Немало скокеров, разбогатев на своем грязном промысле, обзаводились дорогими доходными домами, ресторанами и входили в круг почетной киевской публики, обучавшей своих детей в заграничных университетах. Назвать их поименно теперь уже невозможно, поскольку у нас всегда действовал принцип: не пойман, не вор. На поживу историкам достались только неудачники. Некоторым из них пришлось расстаться с мечтами о будущем всего в полушаге от их воровского счастья. Так, случайно и только из жадности, «погорела» богатая дама-скокерша, некая Кунигунда. Она жила на Безаковской улице в гостинице «Новь», где мужа ее, Ивана Николина, по манерам и одежде принимали за «почтенного гражданина» из Казатина. В их семье воспитывались двое детей Кунигунды от первого брака, девятилетний Владимир и шестилетняя Мария, и еще сын дальнего родственника — двенадцатилетний Вячеслав Семенюк. Но, замечает корреспондент «Киевлянина», «воспитание это состояло в том, что и Вячеслава, и собственных детей Николина вместе с мужем путем угроз заставляла совершать кражи из магазинов».

Воровской прием Кунигунды был построен на точном психологическом расчете. Она разыгрывала из себя взбалмошную и капризную даму, которая сама не знает, что ей хочется, приказчиков гоняет до одури, а потом покидает магазин ни с чем. В суете никто, естественно, не обращал внимания на ее «воспитанников». Лишь после ухода «шумной семейки» обнаруживалась пропажа какой-нибудь очень ценной вещицы, незаметно прихваченной ребенком. Детей Кунигунда из предосторожности каждый раз меняла — «в одном магазине ее видели с мальчиком, в другом — с девочкой, в третьем — опять с мальчиком и так далее».
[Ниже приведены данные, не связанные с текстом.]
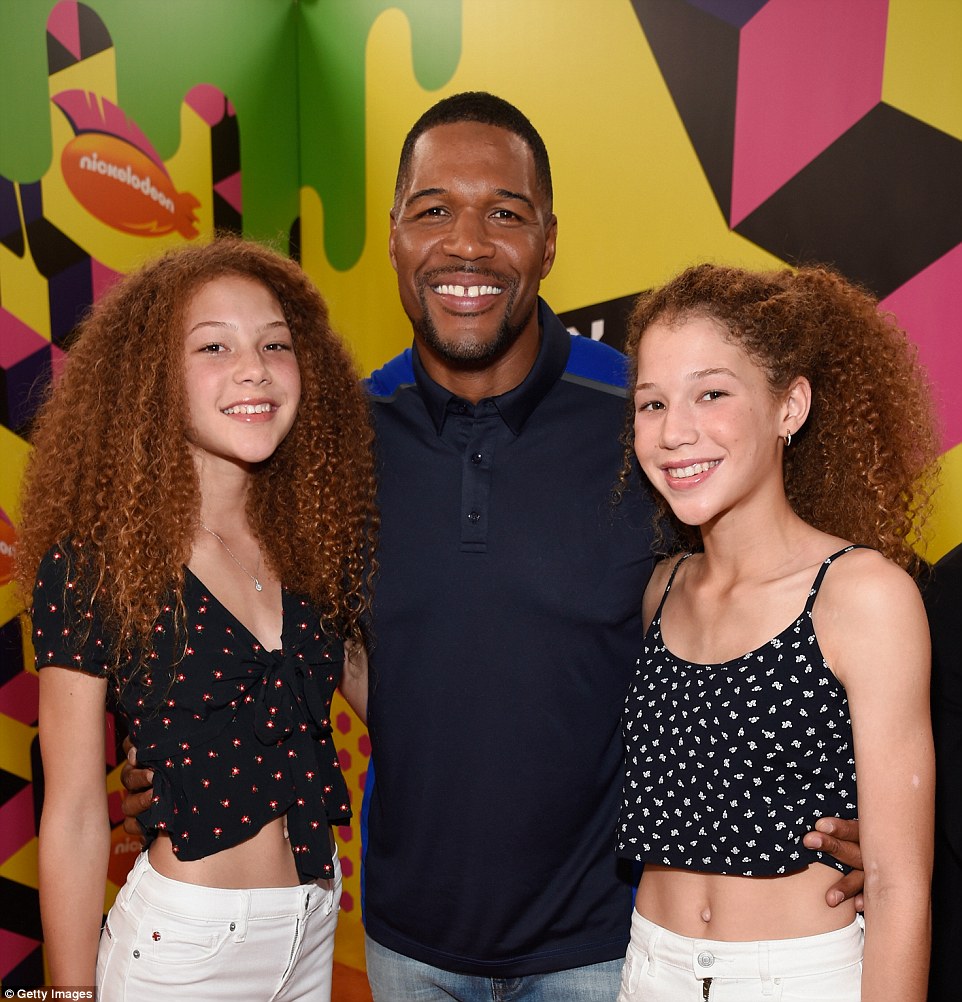 Doting dad: Former New York Giants defensive end Michael Strahan, 46, poses with his daughters Isabella, 13, and Sophia, 13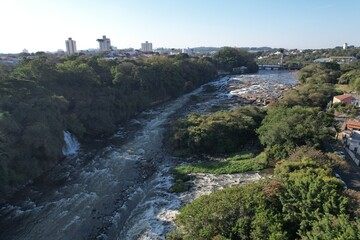 Fototapeta na wymiar Piracicaba river waterfall at the city of same name, in Sao Paulo, Brazil.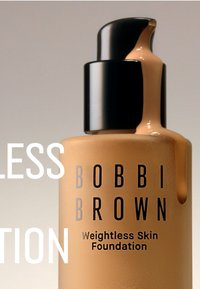 Bobbi Brown Weightless Skin Foundation i en klar glassflaske med et svart pumpehette. Væsken er i en middels brun nyanse med en glanset finish.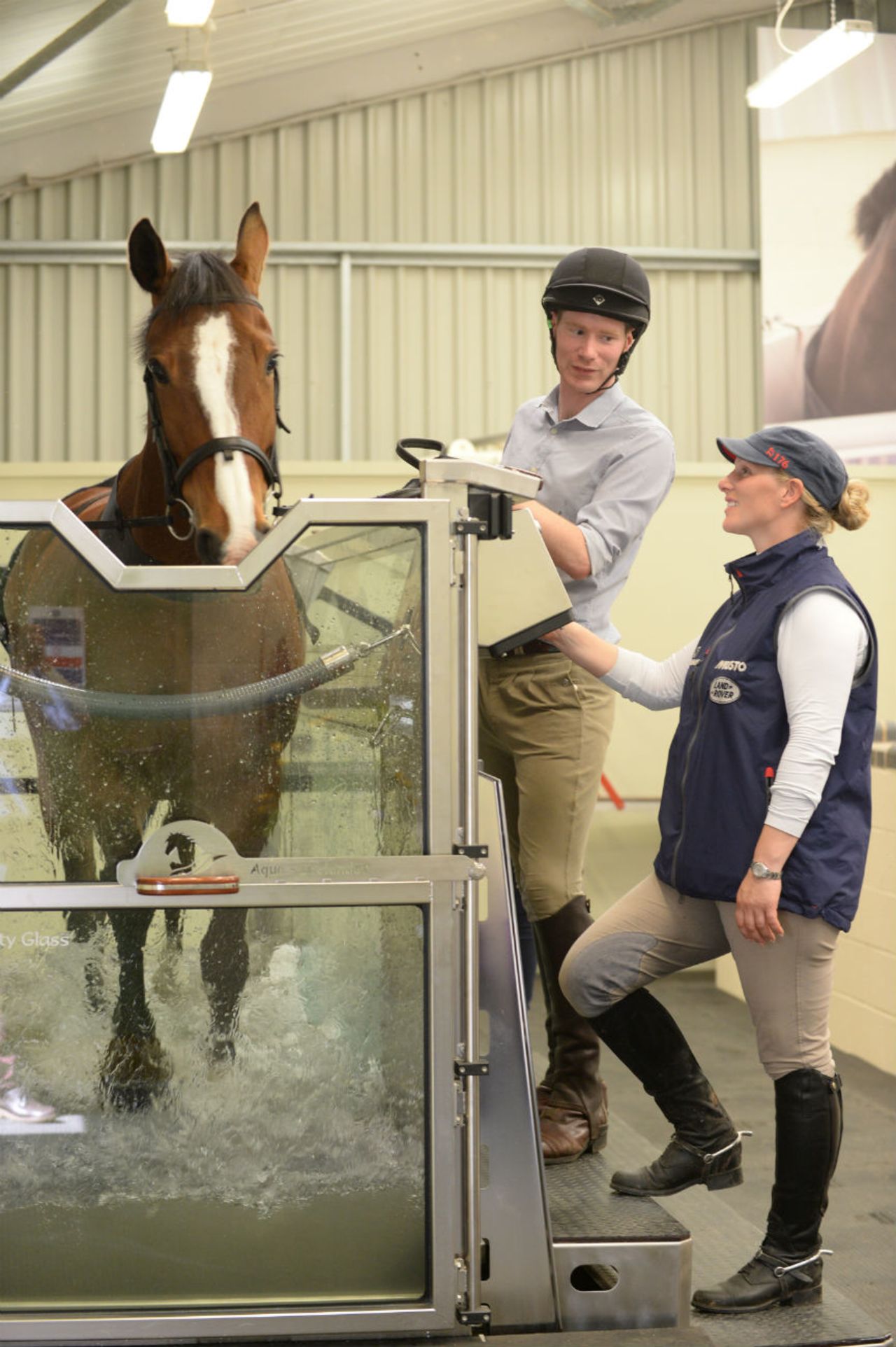 Zara Phillips, a member of British royalty preparing to compete at this year's World Equestrian Games, inspects an equine treadmill at Warwickshire College in the UK.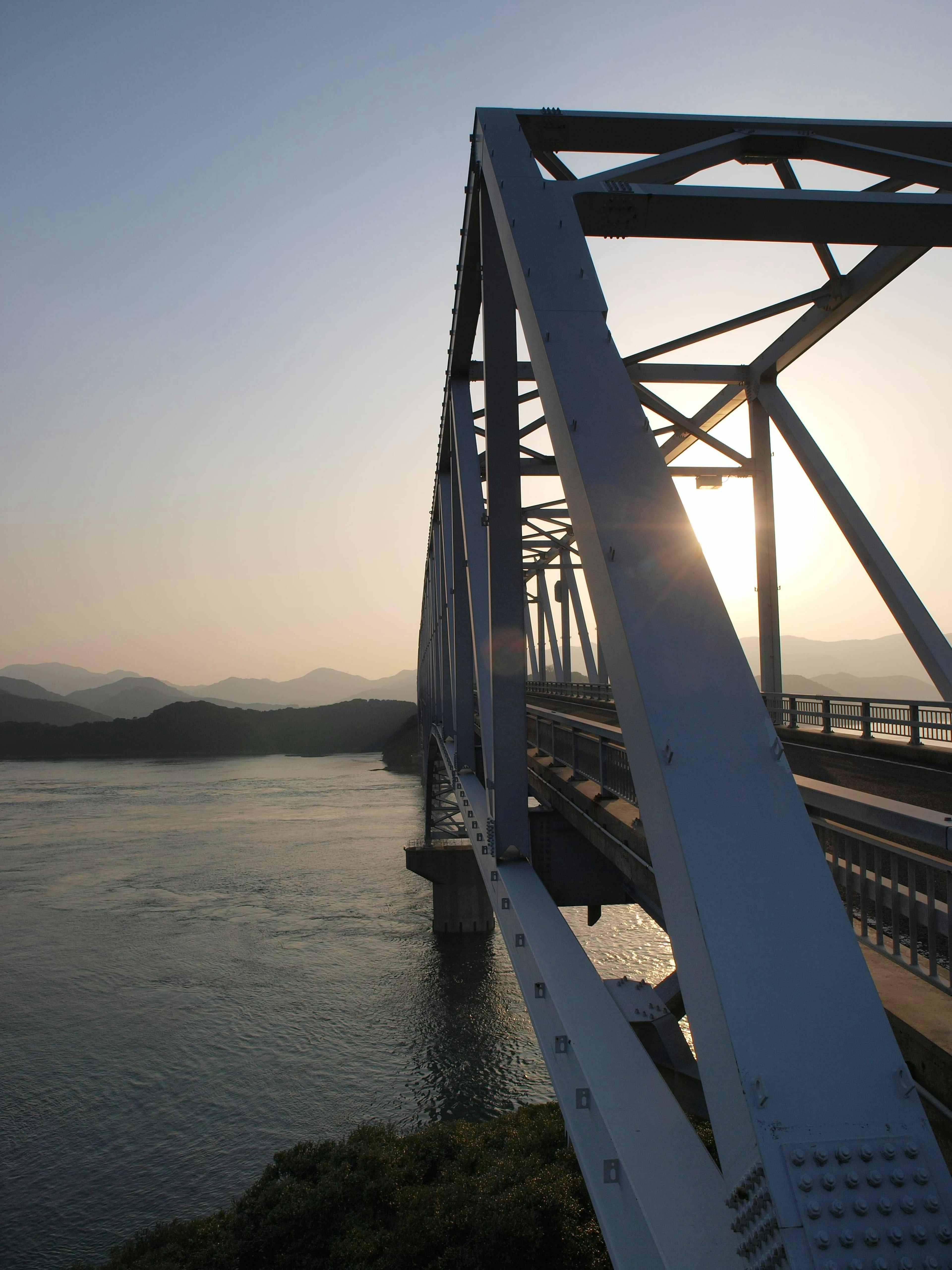 夕日を背景にした白い鉄橋が川を横切る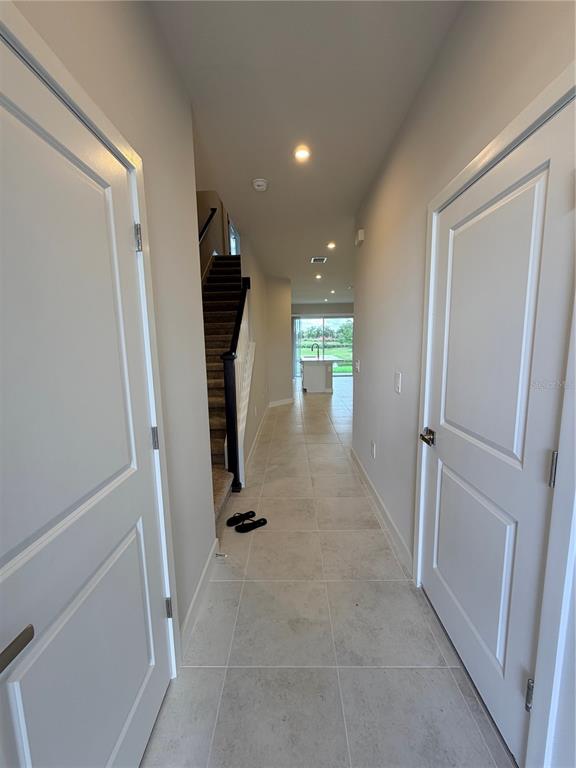 A hallway with tile flooring leads past a staircase to an open kitchen area — 12314 AMBER CREEK CIRCLE, BRADENTON, FL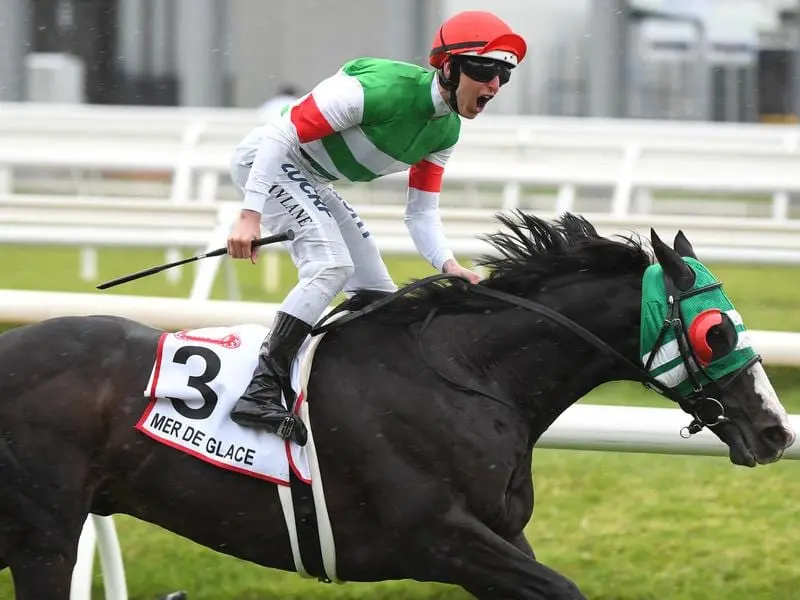 Damian Lane rides Mer De Glace to victory in the 2019 Caulfield Cup.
При обыске в номере Николиных обнаружилась «масса мелких вещей, которые были похищены разновременно из разных магазинов». Вещи весьма дорогие. Иных Николины не брали. Имея какие-то связи в Киевском отделении Петербургского ломбарда, они реализовывали краденое при помощи залогов, которые и не думали выкупать. Дела шли успешно, Николины накупили уйму добра. Разумеется, господа-мазурики понимали, что Киев — не тот город, где можно долго безнаказанно воровать в дорогих магазинах. Они подготовились к побегу и уже переправили 19 пудов домашнего скарба в Казатин, где намеревались начать новую жизнь в довольстве и покое. Но жадность возобладала над благоразумием. Один из заключительных набегов на Крещатик оказался фатальным.

Киев второй половины XIX века славился тем, что уголовную элиту составляли люди… интеллигентного склада, презирающие грубые отношения с «клиентами». Скокеров второго сорта, за их манеру действовать наскоком, они называли скачками. Обычно, как писал в 1875 году известный вор В. Абашин, в квартиру являлись милые, прилично одетые молодые люди и разыгрывали небольшой спектакль, в котором их жертвам — хозяевам — предоставлялась проигрышная роль. Вор-аферист выбирал самое неподходящее для визита время и являлся в дом среди дня, «когда хозяин был занят серьезным делом, а хозяйка туалетом или приведением в порядок ногтей, и так как занятия эти не могут быть прерываемы до окончания их, то занявшиеся сидят в задних покоях, а в это время с переднего крыльца незнакомец просит лакея или горничную передать господам письмо, в котором, конечно, ничего не написано, а если и написано, то какая-нибудь глупость. Господин или госпожа, получившие письмо, распечатывают его, а лакей стоит навытяжку и ждет ответа, чтобы передать его подателю письма. Когда из письма ничего не окажется, прочитавший обыкновенно плюнет и прогонит лакея, а последний, возвратясь в прихожую, уже не застанет в последней подателя и платья, висевшего в прихожей, или серебра, находящегося для чистки у лакея или горничной. Таким образом скачок продолжает свой промысел, пока не попадется в когти полиции».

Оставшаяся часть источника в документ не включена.